Aim of the task
Reproduce, exactly, the lines of the material below from the line containing "Space Triangles - Premium" through the line containing "Vintage VINTAGE Miss", with both end lines included and nothing else.

Given information
.....

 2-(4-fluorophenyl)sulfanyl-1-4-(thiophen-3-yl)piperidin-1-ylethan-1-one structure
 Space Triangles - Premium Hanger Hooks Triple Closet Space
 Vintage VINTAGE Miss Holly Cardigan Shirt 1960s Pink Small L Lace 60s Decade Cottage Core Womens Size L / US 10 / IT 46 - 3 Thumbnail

.....

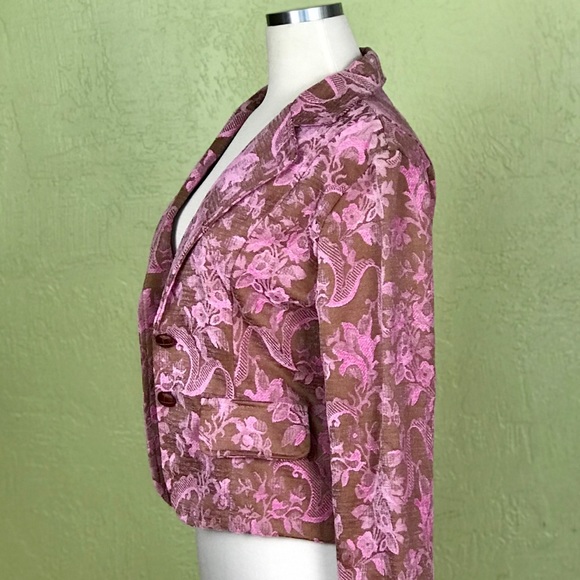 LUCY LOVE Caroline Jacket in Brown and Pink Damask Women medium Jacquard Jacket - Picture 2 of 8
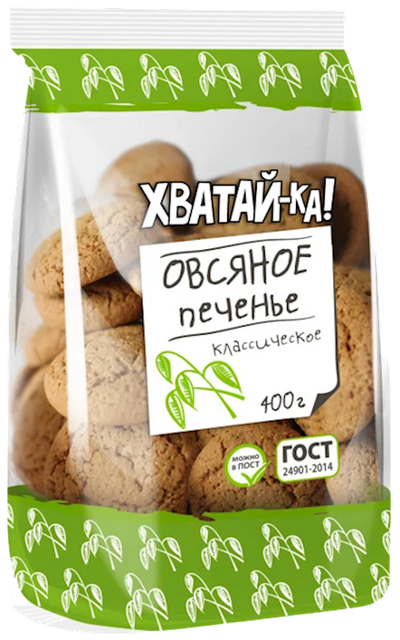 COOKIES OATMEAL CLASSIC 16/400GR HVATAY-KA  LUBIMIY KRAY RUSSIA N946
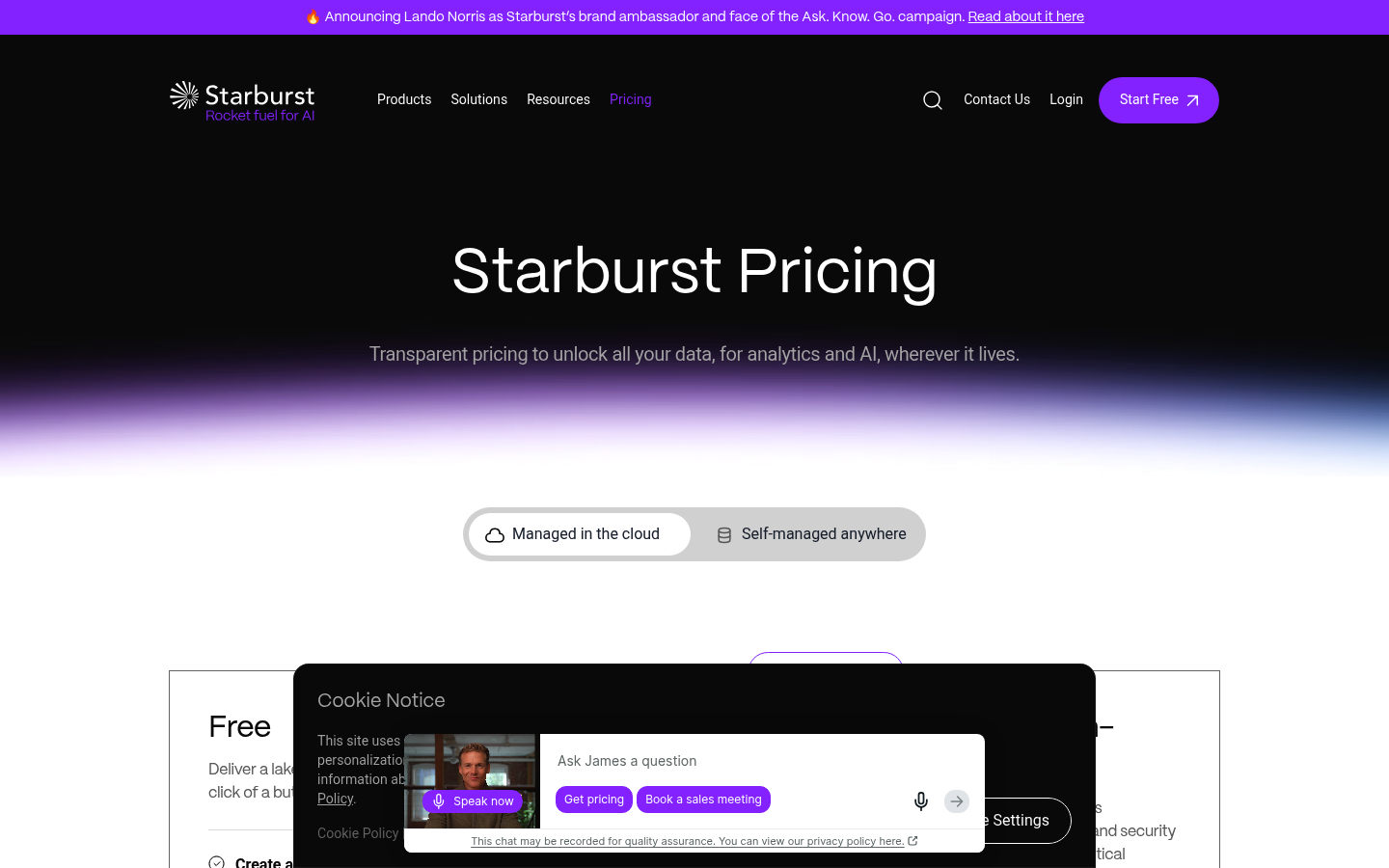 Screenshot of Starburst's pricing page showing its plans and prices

.....

Solution to this exercise
 Space Triangles - Premium Hanger Hooks Triple Closet Space
 Vintage VINTAGE Miss Holly Cardigan Shirt 1960s Pink Small L Lace 60s Decade Cottage Core Womens Size L / US 10 / IT 46 - 3 Thumbnail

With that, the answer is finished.